In many programming languages, directly comparing floating-point numbers for equality can lead to unexpected outcomes due to precision issues inherent in representing these numbers. This is because floating-point arithmetic can introduce small rounding errors.
To accurately compare floating-point numbers, it’s often advisable to assess if the absolute difference between the two numbers falls within a certain tolerance range.
Let’s apply this method to both datasets and investigate further.
# Define a tolerance level
tolerance <- 1e-9
# Add a new column to check if Total.Revenue - Total.Cost is approximately equal to Total.Profit
small_data_check_tolerance <- small_data %>%
mutate(matches_total = abs(Total.Revenue - Total.Cost - Total.Profit) < tolerance)
# Check if all values in matches_total are TRUE
if (all(small_data_check_tolerance$matches_total)) {
cat("All rows satisfy the condition.\n")
} else {
print(small_data_check_tolerance$matches_total)
}
## All rows satisfy the condition.
# Add a new column to check if Total.Revenue - Total.Cost is approximately equal to Total.Profit
big_data_check_tolerance <- big_data %>%
mutate(matches_total = abs(Total.Revenue - Total.Cost - Total.Profit) < tolerance)
# Check if all values in matches_total are TRUE
if (all(big_data_check_tolerance$matches_total)) {
cat("All rows satisfy the condition.\n")
} else {
print(big_data_check_tolerance$matches_total)
}
## All rows satisfy the condition.
Now that we’ve established the equation Total.Revenue - Total.Cost = Total.Profit, let’s examine the correlations among the numerical values of Total.Profit. We’ll address the correlations involving categorical values later.
small_data_cor <- small_data%>%
select(Total.Revenue, Total.Cost, Total.Profit, Units.Sold,Unit.Price, Unit.Cost)
cor_matrix <- cor(small_data_cor)
corrplot(cor_matrix,
method="color",
addCoef.col = "black",
type="upper")
big_data_cor <- big_data%>%
select(Total.Revenue, Total.Cost, Total.Profit, Units.Sold,Unit.Price, Unit.Cost)
big_cor_matrix <- cor(big_data_cor)
corrplot(big_cor_matrix,
method="color",
addCoef.col = "black",
type="upper")
Given that we’ve confirmed Total.Revenue - Total.Cost = Total.Profit, we can eliminate Total.Revenue and Total.Cost since they are duplicative. Additionally, it’s necessary to merge the Unit.Price and Unit.Cost variables as they exhibit high correlation with each other.

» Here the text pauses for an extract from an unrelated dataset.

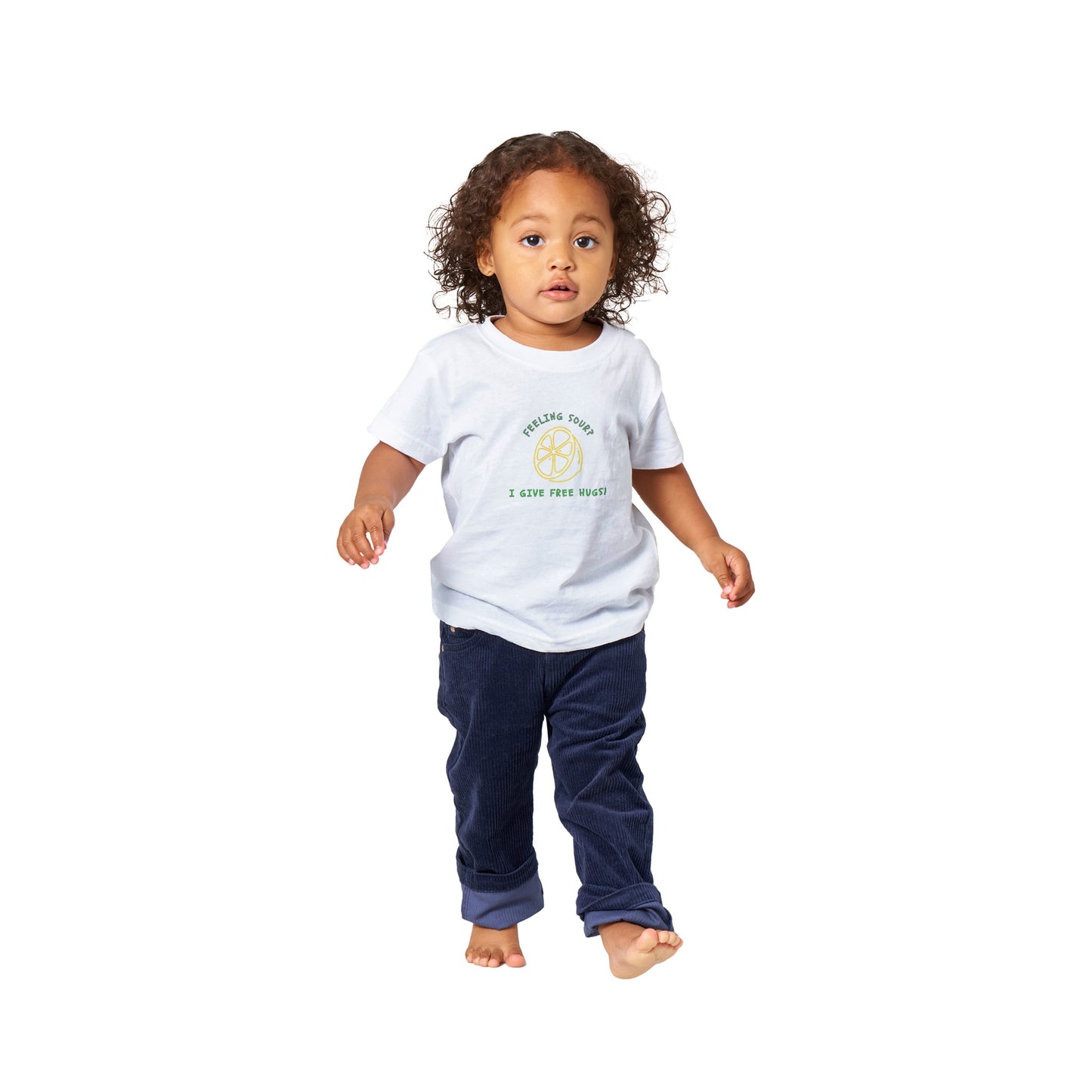 Lemonade series Classic Baby Crewneck T-shirt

small_data_total <- small_data %>%
select(-Total.Revenue, -Total.Cost)%>%
mutate(Unit.Comb = Unit.Price + Unit.Cost)%>%
select(-Unit.Price, -Unit.Cost)
small_data_total_cor_matrix<- small_data_total%>%
select(Total.Profit, Units.Sold,Unit.Comb, Order.ID)
small_data_total_cor_matrix <- cor(small_data_total_cor_matrix)
corrplot(small_data_total_cor_matrix,
method="color",
addCoef.col = "black",
type="upper")
big_data_total <- big_data %>%
select(-Total.Revenue, -Total.Cost)%>%
mutate(Unit.Comb = Unit.Price + Unit.Cost)%>%
select(-Unit.Price, -Unit.Cost)
big_data_total_cor_matrix<- big_data_total%>%
select(Total.Profit, Units.Sold,Unit.Comb, Order.ID)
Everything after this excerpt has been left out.